City of Melville has no plans to change access to Blackwall Reach, despite death


A sign discouraging diving at Blackwall Reach.

Bicton’s Blackwall Reach.
A sign discouraging diving at Blackwall Reach. Bicton’s Blackwall Reach.

THE death of an 18-year-old will not prompt any changes at Blackwall Reach, the City of Melville says.

Luseni Traore got into difficulties after leaping 10m into the Swan River from the popular Bicton spot just after 5pm on November 10.

It was the second death at the site this year, with a tourist from Taiwan dying in January.

But acting Melville chief executive Steve Cope said there would be no change.

“The reserve will continue to be managed as a high priority bushland reserve and public access to this area will continue to be discouraged,” Mr Cope said.

While diving is not illegal, the City uses fencing, warning signs and soft barriers including plants to discourage it.

Two men enjoying the site on Wednesday said they were unaware what had transpired just a few days earlier.

One said it was a relaxing spot to look over the river while another suggested the City could possibly make it safer by establishing a proper platform for people to jump from.

The second man added he had seen empty alcohol bottles left there.

“I wouldn’t be mixing alcohol with the jump,” he said.
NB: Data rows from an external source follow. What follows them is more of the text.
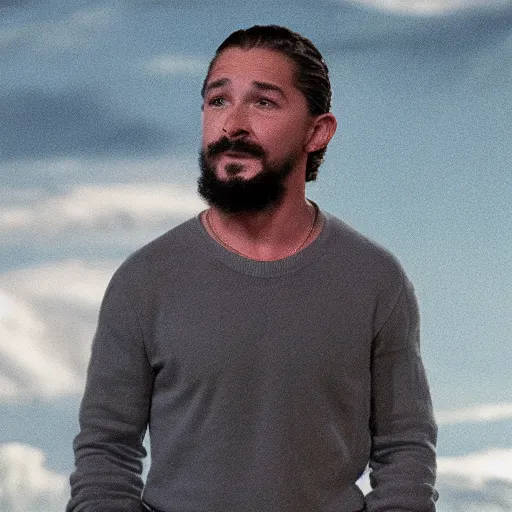 Image similar to Photo of Shia Lebeouf standing on a cloud.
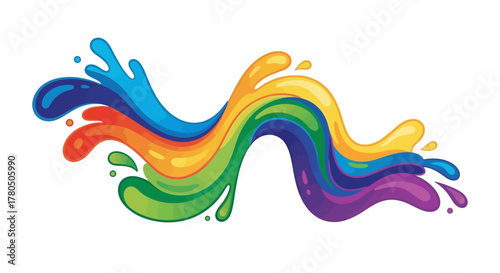 Rainbow colors flow in a wavy splash design on a white background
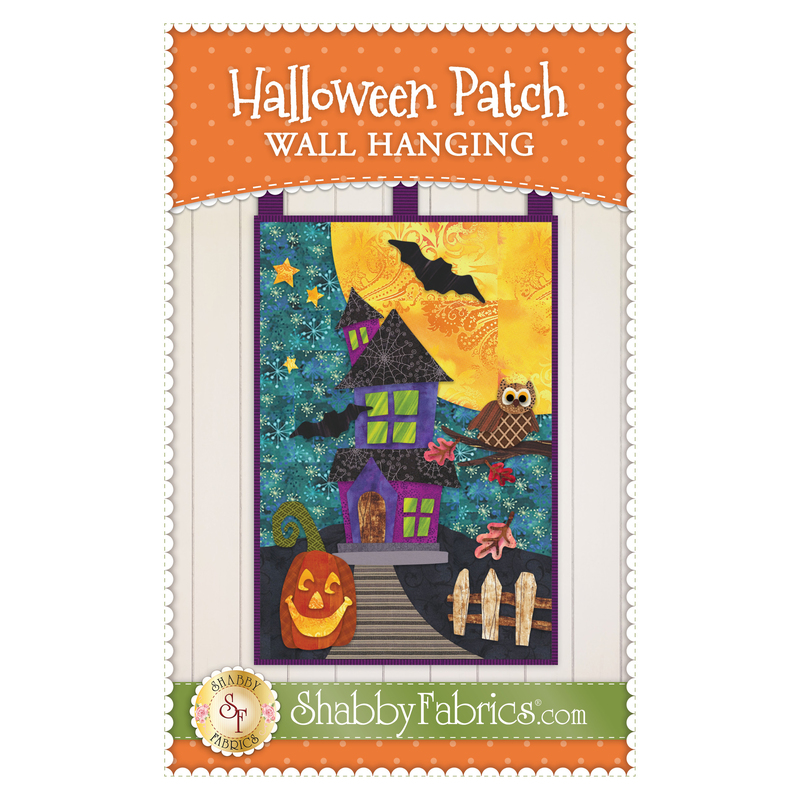 The front of the Halloween Patch Wall Hanging pattern by Shabby Fabrics showing the finished project.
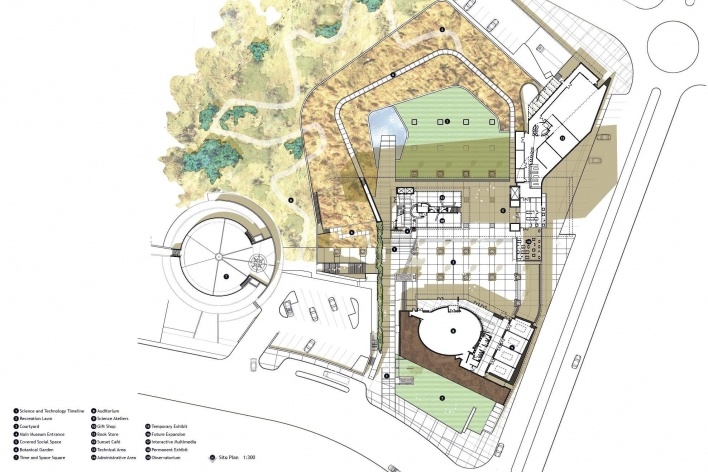 Concurso Internacional para Projeto Arquitetônico do Museu Exploratório de Ciências da Unicamp, implantação, 3º colocado. Arquiteto  Erik W. Lewitt, 2009<br />Imagem autor 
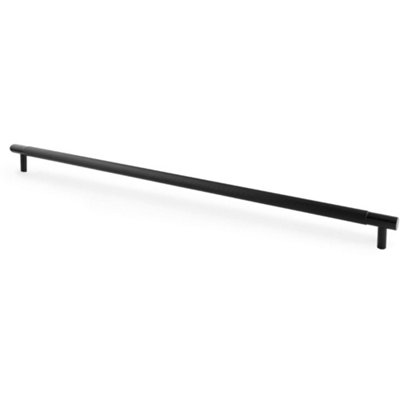 Knurled T Bar Door Pull Handle - Matt Black - 448mm Centres Premium Drawer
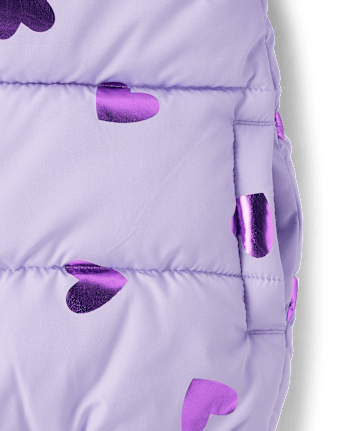 Toddler Girls Foil Heart Quilted Puffer Jacket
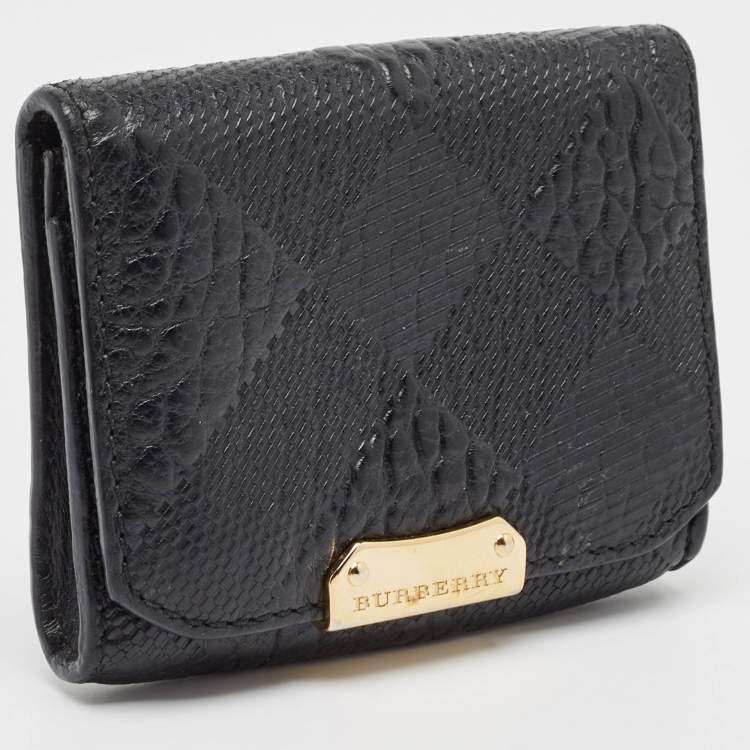 Pre Owned Burberry Black Embossed Check Leather Flap Card Case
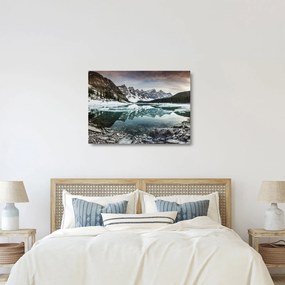 Kép - tó télen (üvegen) (70x50 cm)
Royal Life Saving WA (RLSWA) spokeswoman Lauren Nimmo said Blackwall Reach was a “notorious black spot location for drowning and aquatic injury” in WA.

“The combination of a high-risk activity, jumping from a height into deep water, and often a lack of swimming ability makes this location particularly dangerous,” she said.

“Many of the incidents at this location are as a result of the person either hitting rocks on the way down or jumping in an uncontrolled manner causing injury when they hit the water and making it difficult to get to safety.

“People may have jumped from the cliffs before and been okay, but it only takes one bad jump for tragedy to occur that will have long lasting effects on their friends, family and communities.”

She said while RLSWA could not stop people jumping from the cliff, those who did must assume a level of personal responsibility for the safety of themselves and their friends.

“If you are not a strong swimmer you need to think very carefully about whether it is worth taking the risk at all,” she said.

Mr Cope passed on the City’s best wishes to Mr Traore’s family.